Como Estimular a Colaboração Interdisciplinar no Dia a Dia do Design
A colaboração interdisciplinar não acontece por acaso. Ela precisa ser cultivada intencionalmente. Algumas ações práticas incluem:
1. Comece pelo problema, não pela solução
Evite briefings fechados ou soluções pré-definidas. Traga o desafio real, crie um ambiente seguro para perguntas e permita que diferentes vozes ajudem a moldar a abordagem.
2. Promova rituais de cocriação
Use dinâmicas como mapas de jornada, painéis de ideação, sprints colaborativos, Crazy Eights e Service Blueprints. Essas ferramentas permitem que todos contribuam, mesmo sem domínio técnico em design.
3. Crie uma linguagem comum
Cada área tem seu jargão. Um passo essencial para a colaboração é criar mapas visuais, metáforas e protótipos que traduzam ideias de forma acessível. Prototipar não é desenhar uma interface — é tornar o invisível tangível.
4. Valorize escuta ativa e empatia entre colegas
O design centrado no usuário começa dentro da equipe. A empatia entre disciplinas é o que permite a construção de confiança, abertura ao erro e aprendizado compartilhado.
Barreiras Comuns (e Como Superá-las)
Colaboração entre áreas diferentes não é isenta de desafios. Entre os mais comuns estão:
- Desalinhamento de objetivos: quando áreas têm metas conflitantes, o projeto sofre.
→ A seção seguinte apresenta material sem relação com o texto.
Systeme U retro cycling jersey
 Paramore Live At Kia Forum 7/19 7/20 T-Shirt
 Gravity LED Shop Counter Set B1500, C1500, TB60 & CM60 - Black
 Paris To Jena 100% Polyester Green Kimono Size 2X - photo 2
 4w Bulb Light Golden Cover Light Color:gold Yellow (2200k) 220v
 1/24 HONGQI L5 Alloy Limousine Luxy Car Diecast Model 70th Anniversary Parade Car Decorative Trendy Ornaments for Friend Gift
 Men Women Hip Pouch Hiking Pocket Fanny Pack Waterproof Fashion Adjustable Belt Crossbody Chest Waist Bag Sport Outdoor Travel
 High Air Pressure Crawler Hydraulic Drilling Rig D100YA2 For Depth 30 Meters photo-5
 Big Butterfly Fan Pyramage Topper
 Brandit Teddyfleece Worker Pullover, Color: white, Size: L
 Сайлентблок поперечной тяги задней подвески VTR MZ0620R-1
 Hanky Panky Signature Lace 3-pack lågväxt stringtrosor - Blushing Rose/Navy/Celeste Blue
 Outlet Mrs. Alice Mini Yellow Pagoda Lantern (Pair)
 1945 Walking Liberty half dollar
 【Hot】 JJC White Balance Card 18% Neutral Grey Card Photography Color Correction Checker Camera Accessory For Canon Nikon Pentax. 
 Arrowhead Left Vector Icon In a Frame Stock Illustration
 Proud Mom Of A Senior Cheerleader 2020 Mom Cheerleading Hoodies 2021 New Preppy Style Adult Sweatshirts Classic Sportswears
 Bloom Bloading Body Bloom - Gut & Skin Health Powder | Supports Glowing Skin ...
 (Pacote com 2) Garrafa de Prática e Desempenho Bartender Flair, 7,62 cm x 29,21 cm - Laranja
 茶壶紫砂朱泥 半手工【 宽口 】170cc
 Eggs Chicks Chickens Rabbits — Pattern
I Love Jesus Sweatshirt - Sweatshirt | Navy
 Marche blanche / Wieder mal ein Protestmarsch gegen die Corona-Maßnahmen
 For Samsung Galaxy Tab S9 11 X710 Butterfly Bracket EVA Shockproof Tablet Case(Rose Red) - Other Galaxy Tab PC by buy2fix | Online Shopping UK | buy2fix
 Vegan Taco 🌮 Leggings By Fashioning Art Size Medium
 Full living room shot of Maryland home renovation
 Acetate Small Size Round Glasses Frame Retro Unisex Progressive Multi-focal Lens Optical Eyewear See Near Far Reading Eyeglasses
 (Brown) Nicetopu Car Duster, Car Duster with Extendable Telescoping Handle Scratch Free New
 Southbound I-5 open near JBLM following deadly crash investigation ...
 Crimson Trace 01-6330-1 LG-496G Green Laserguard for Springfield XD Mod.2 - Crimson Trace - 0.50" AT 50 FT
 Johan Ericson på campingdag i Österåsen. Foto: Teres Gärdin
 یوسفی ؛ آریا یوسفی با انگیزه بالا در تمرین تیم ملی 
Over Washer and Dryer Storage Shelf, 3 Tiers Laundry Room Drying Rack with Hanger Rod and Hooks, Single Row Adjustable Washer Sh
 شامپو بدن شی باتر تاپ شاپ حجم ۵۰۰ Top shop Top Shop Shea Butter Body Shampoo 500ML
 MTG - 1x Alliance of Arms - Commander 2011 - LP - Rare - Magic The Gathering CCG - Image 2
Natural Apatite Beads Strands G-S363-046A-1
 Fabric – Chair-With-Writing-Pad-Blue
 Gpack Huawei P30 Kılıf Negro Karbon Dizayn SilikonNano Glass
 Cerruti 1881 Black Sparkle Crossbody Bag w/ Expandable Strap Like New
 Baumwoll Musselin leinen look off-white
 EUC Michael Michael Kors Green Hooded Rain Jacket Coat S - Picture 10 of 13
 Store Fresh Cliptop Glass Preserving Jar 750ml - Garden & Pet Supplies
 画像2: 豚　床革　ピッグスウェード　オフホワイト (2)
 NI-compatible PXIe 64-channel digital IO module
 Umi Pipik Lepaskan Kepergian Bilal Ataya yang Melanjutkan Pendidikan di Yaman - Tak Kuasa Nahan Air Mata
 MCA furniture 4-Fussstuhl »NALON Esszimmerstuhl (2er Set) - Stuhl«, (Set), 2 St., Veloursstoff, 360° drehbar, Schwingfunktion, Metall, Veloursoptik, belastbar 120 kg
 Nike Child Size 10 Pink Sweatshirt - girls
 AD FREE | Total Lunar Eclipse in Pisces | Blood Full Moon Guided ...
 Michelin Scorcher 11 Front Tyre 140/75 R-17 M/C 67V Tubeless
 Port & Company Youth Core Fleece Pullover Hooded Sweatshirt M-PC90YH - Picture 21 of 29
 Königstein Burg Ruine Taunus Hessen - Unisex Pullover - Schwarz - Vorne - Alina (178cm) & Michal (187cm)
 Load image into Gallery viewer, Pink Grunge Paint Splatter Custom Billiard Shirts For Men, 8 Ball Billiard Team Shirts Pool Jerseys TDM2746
Solução: criar um objetivo comum e alinhado com a experiência do usuário.
- Hierarquia de saberes: quando uma área se considera mais “importante” que a outra. Solução: prática intencional de equidade e valorização de saberes diversos.
- Falta de tempo e recursos: integração dá trabalho. Solução: priorizar qualidade colaborativa na fase inicial do projeto, onde o impacto é maior.
Nenhum Designer é Uma Ilha
Projetar serviços é um trabalho de fronteiras. De fronteiras entre disciplinas, entre áreas da empresa, entre o que é visível e o que está por trás do palco.
A colaboração interdisciplinar no design de serviços não é um luxo, mas uma necessidade. Somente unindo especialistas em diferentes linguagens — técnica, emocional, visual, operacional — é que conseguimos criar soluções que façam sentido, funcionem e emocionem.
Para isso, o design precisa deixar de ser um território fechado. E se tornar um campo aberto de encontros, escutas e sínteses. É ali, nesse entrelaçamento, que nasce o verdadeiro valor do serviço.
Se queremos mudar a experiência do cliente, precisamos antes transformar a experiência da equipe que o serve. E isso começa pela colaboração.